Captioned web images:
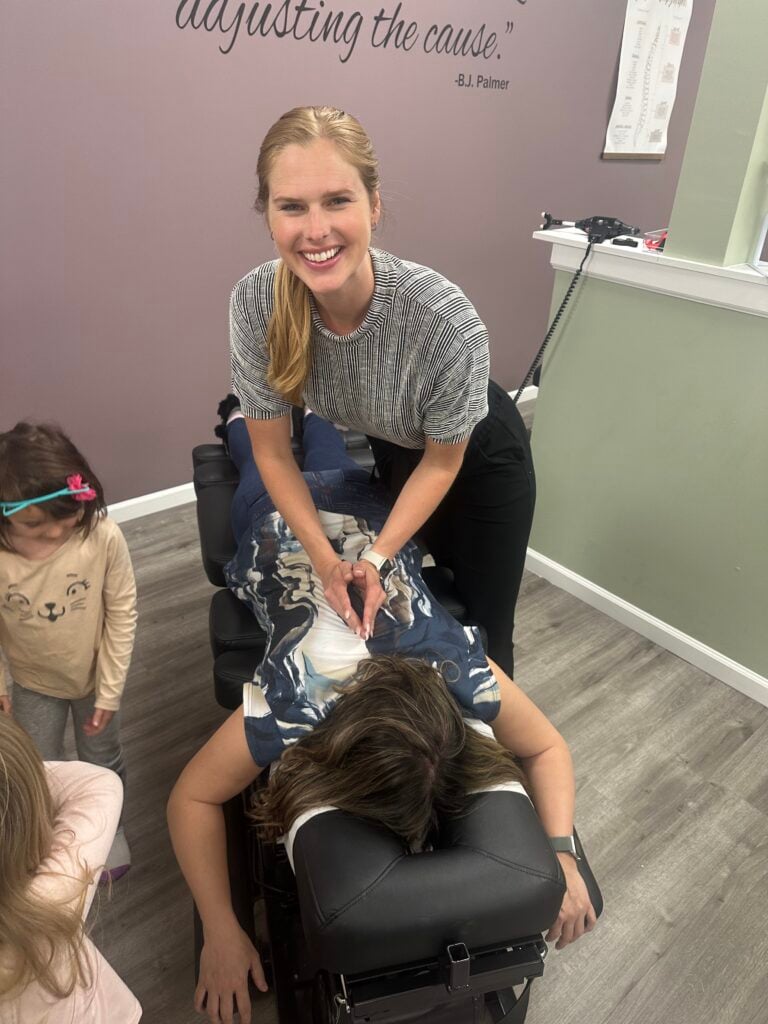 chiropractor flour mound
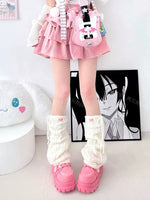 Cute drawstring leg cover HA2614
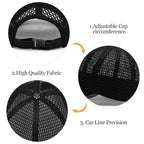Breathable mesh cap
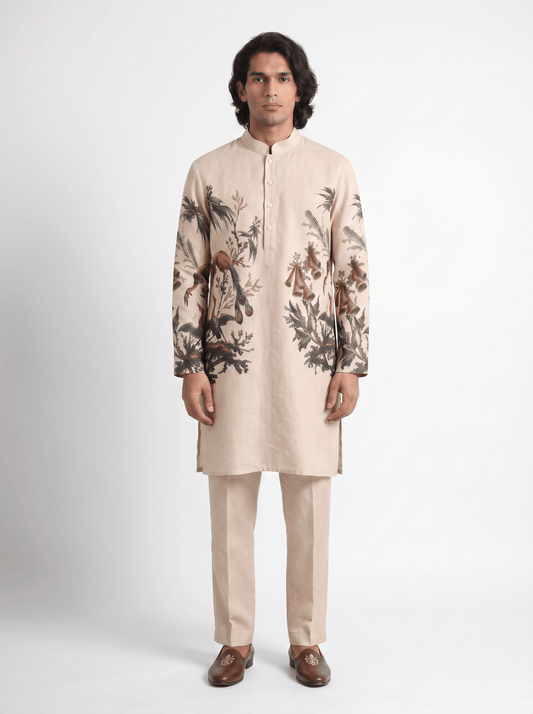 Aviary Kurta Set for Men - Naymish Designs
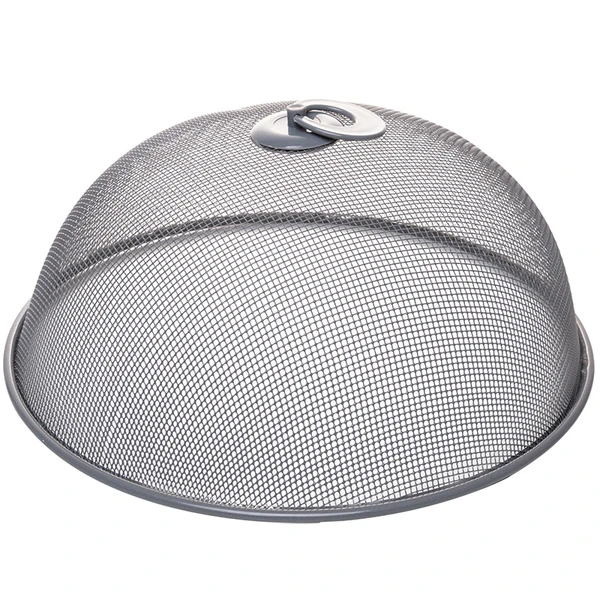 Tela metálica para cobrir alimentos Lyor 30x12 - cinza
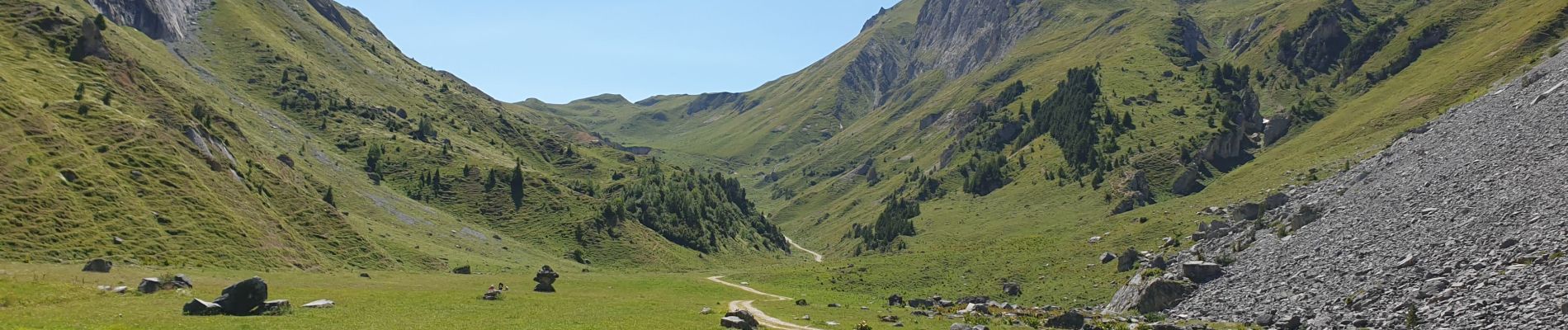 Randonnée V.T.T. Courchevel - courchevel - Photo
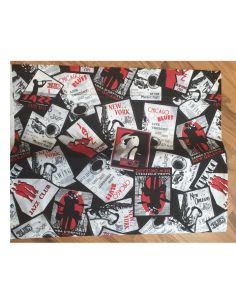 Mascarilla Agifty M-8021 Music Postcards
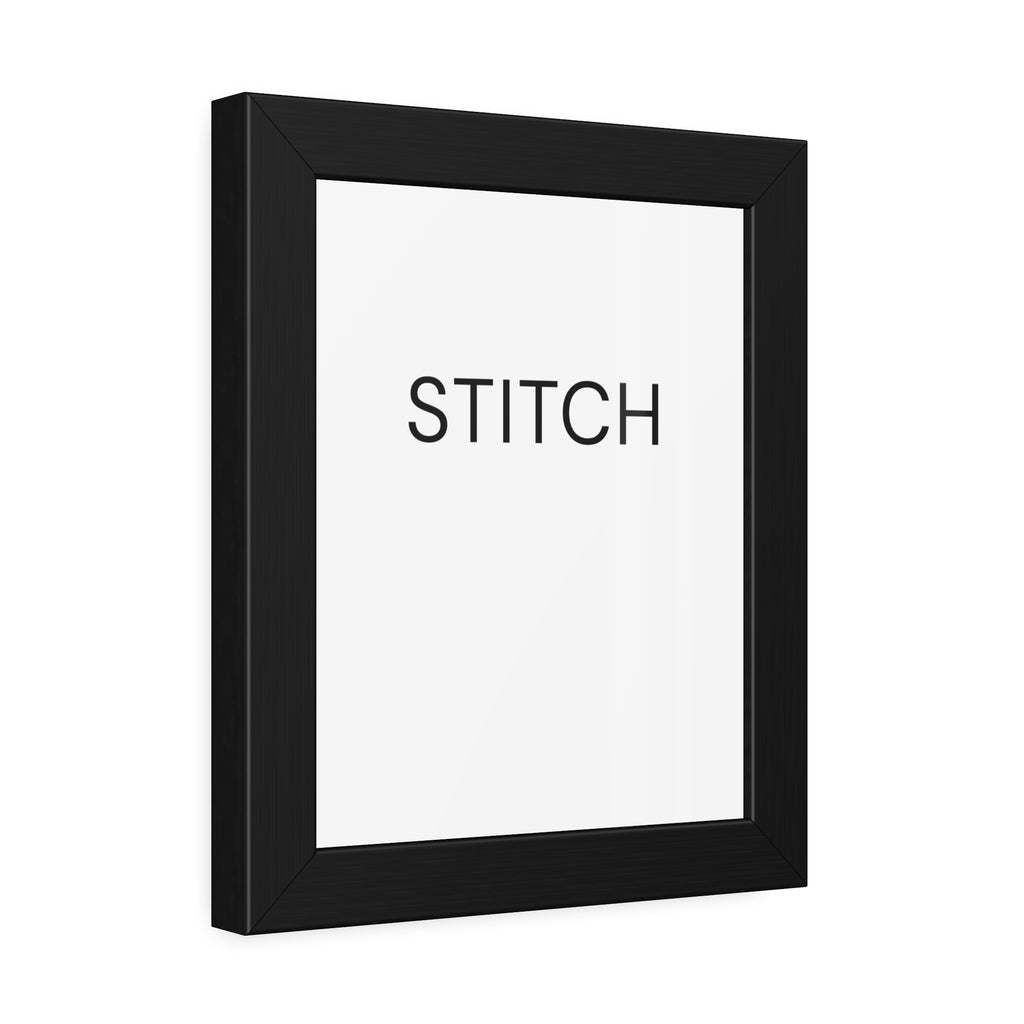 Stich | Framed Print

=== PROBLEM STATEMENT ===
Return only the lines from the line containing "Aviary Kurta Set for Men - Naymish Designs" through the last line of the records above, both ends included, exactly as written, leaving pictures out.

=== OUTPUT FOR THIS EXERCISE ===
 Aviary Kurta Set for Men - Naymish Designs
 Tela metálica para cobrir alimentos Lyor 30x12 - cinza
 Randonnée V.T.T. Courchevel - courchevel - Photo
 Mascarilla Agifty M-8021 Music Postcards
 Stich | Framed Print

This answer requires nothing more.